Think of it this way: Would you sell your business for less than what you know that it is worth, only because someone else tells you that they don't want to pay you more than 10, 20, 30, or 50% of its actual value. You certainly wouldn't. You would laugh it off, ignore the silly offer, and get on with running your business. This is no different when the market turns, the most vocal voices shouting their end-of-day predictions into the ether.
If your strategy was to buy a solid company that not only had a great business, but also paid you regular dividends, then why sell it? Particularly in today's low-interest environment, at least in most of Europe. What would you even do with all the money? But that aside, a good company remains a good company, no matter what others offer you for your share(s) in the company.
The way I dealt with the paper losses was: I simply stopped checking the value of my portfolio for a couple of weeks. If it affects you negatively emotionally, then why do it? Would I have sold any of my shares only because the entire market was in a downward trend? No. I only sell shares when I am convinced that it is the right time to exit, not because the masses start panicking.
Back to the beginning, should you sell your shares, because you are becoming increasingly worried about a bear market? Well, if you are planning on selling now and buying again later for a premium, most certainly go for it. This, I assume, was your strategy all along. Sell high, buy low. If, however, you are only starting to get nervous because of market volatility or the doom sayers predicting the end of the world, then switch off your television, stop reading comments about the end of the world and remember why you bought the shares in the first place. Go back to the drawing board and confirm your strategy.

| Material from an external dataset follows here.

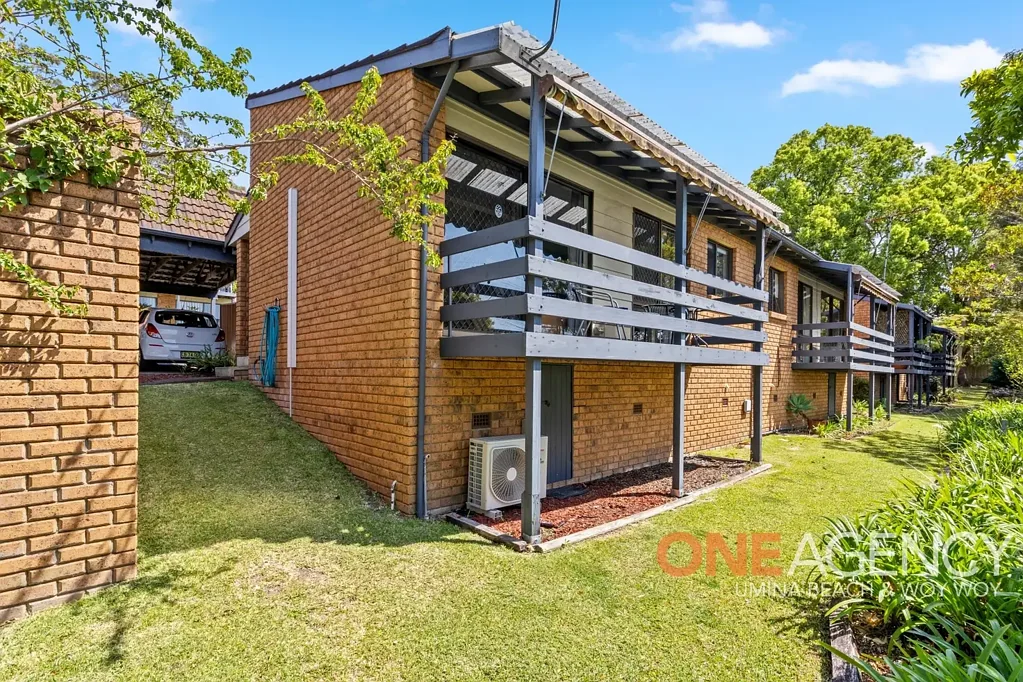 Point Clare 2房  AFFORDABLE VILLA WITH VIEWS !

No one knows what will happen tomorrow. The downward trend might continue and we see a bear market, losses of 10 or 20%. Maybe even more. Anyone who can tell you that for sure is an awesome psychic. Is it worth fretting over? Only if you think that you won't be able to sleep for the next twelve or fifteen months because the market is bright red, rather than the beautiful green.
Property values go up over time, a glass of beer today is more expensive than it was ten years ago, you pay more for a bottle of milk than your grandparents did. Everything in life becomes more expensive. Inflation alone drives prices up. Healthy companies and their shares will go up just as properties in good locations will, over the mid- and long-term, gain in value. Sometimes there are downtrends, only to be followed by an upward trend.
Life is unpredictable and so is the stock market. One thing is certain, just as the sun will rise tomorrow morning, the stock market will eventually go back up.
Good luck and enjoy your investment journey.